We did find some dirt trails to drive on. The trailer towed great through them! (This was just a flat area I stopped at for a picture. )
We also saw a ship wreck museum and light houses, and also ate the best fresh white fish ever near the top left corner of the U.P. The locals up there are all very friendly and it’s a neat area of the country. If you haven’t been, I highly recommend a visit.
And finally after about eight days, we arrived at the car ferry to Drummond Island. Cool… the Jeep and trailer were to travel by water! It was rather an efficient process. I drove right on, a guy walked around and collect the fare ("$12 for the Jeep, $2 for the lovely lady next to you, and $11 for your trailer.") The seas were actually rough. The ferry was a rockin’ and I then drove off. Fun! I wanted to get out of the Jeep and take a picture of the Jeep and trailer, however we were tightly packed in with other vehicles.
And the cabin we rented for the following three nights was awesome. It sat on on a private lake that included kayaks.
We went exploring several times. There are a number of ATV trails and Jeep trails on Drummond, however there are also a few different versions of maps! None of the maps seemed consistent or accurately rated the condition of the trails. I did check a number of holes before crossing for water depth and in not having soft bottoms before crossing. The trails were generally tight through the woods and wet to where I thought I was a river boat captain at times.

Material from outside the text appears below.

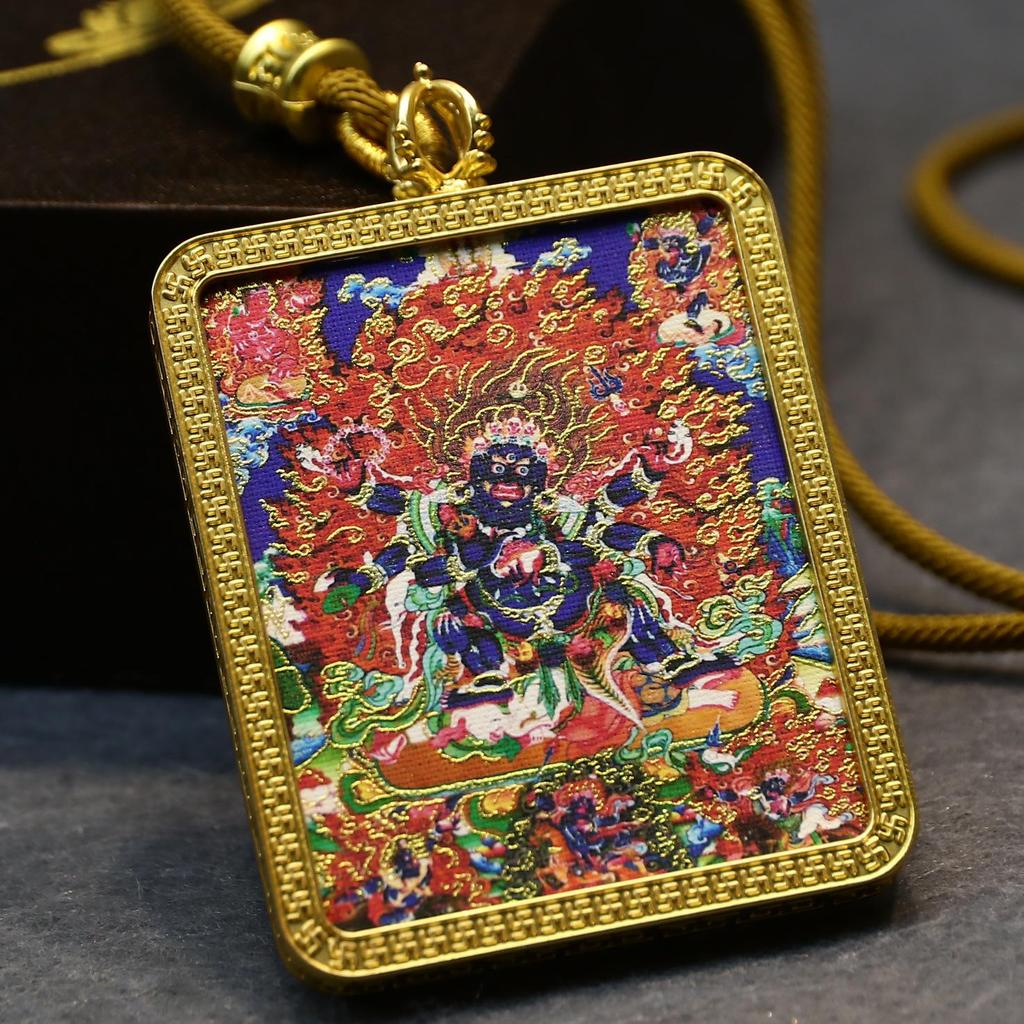 Pandantiv Thangka Mahakala Tibetan Jambhala Alb: Pictat manual, Aurit, Artă Exquisită Budism Tibetan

We didn’t run into any other vehicles when we were on the east side, but we did meet up with different groups of ATV riders. (Two of which asked me for directions as they were lost, so we compared maps and shot the bull.)

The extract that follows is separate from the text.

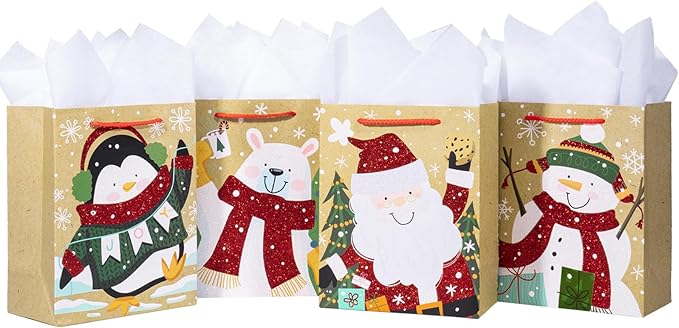 Loveinside Christmas Gift Bags Set, Glitter Foil Santa, Penguin, Snowman & Polar Bear Design, Medium Size Bags with Handle, Tissue Paper for Christmas Gifts & Party Favors, 4 Pack, 7" X 4" X 9"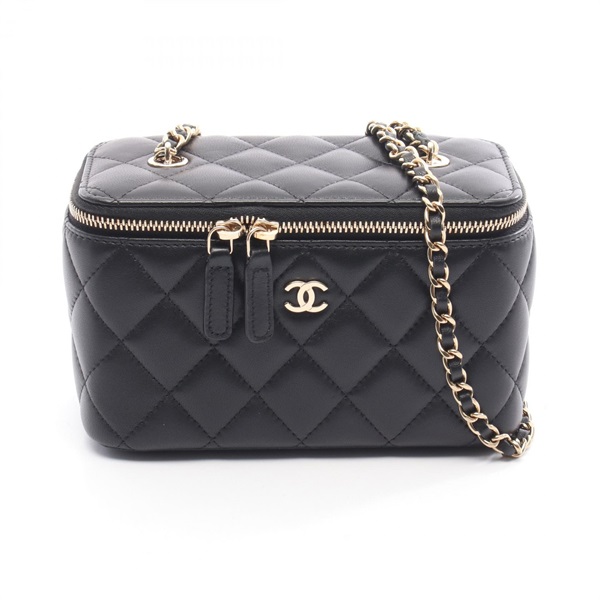 CHANEL Matelasse Small Vanity Shoulder Crossbody Bag AP1341 leather Black GHW CC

We also ran into logging. It was most interesting to drive around on active log roads. What use to be a Jeep trail was cleared wide enough for 18-wheelers, however the tracks of a truck are a lot wider then a Jeep. So my Jeep would ride in one track, and then the other side of my Jeep would ride in the higher center. Not to mention that the roads were not level anyway, and looked like they would seriously be a muddy mess when wet. The roads also had some serious ditches running alongside. I eventually turned off of one when I came to a bulldozer that was repairing the “road” through a low area. This picture was taken where they were stacking wood, and it happened to be a dry area.
I did get lost once. I ended up taking a wrong turn down a trail that "looked familiar" but then they all kind of did. However we hit several holes in a row where the water was as about to the top of my Jeep’s tires and they were spinning as I crossed through them. Ahead on the trail it looked like it was going into lower woods that looked like a mess. With my wife's encouragement, I took her advisement that we turn around. The trail was very tight. Fortunately having a short wheel base was helpful.
The Jeep did awesome! I really had fun on Drummond and I can see the value of doing the Jeep Jamboree there to ride in a group, for both the safety of it as well as just so that someone knows where you're going.
For our final dinner at the cabin, we decided to clean out the cooler. We had one steak, one cooked chicken breast, one sausage and a head of broccoli that I cut up and fried. It made for a most interesting, but memorable last meal.
Oh, and funny thing is that this Michigan IPA (yes with the Wagoneer on the label) has the slight aroma of DEET. How appropriate for the U.P.!
And about the trailer, again the added room it provided was great! I’m thrilled with it as it easily followed along. I'm now thinking about putting a roof top tent on it?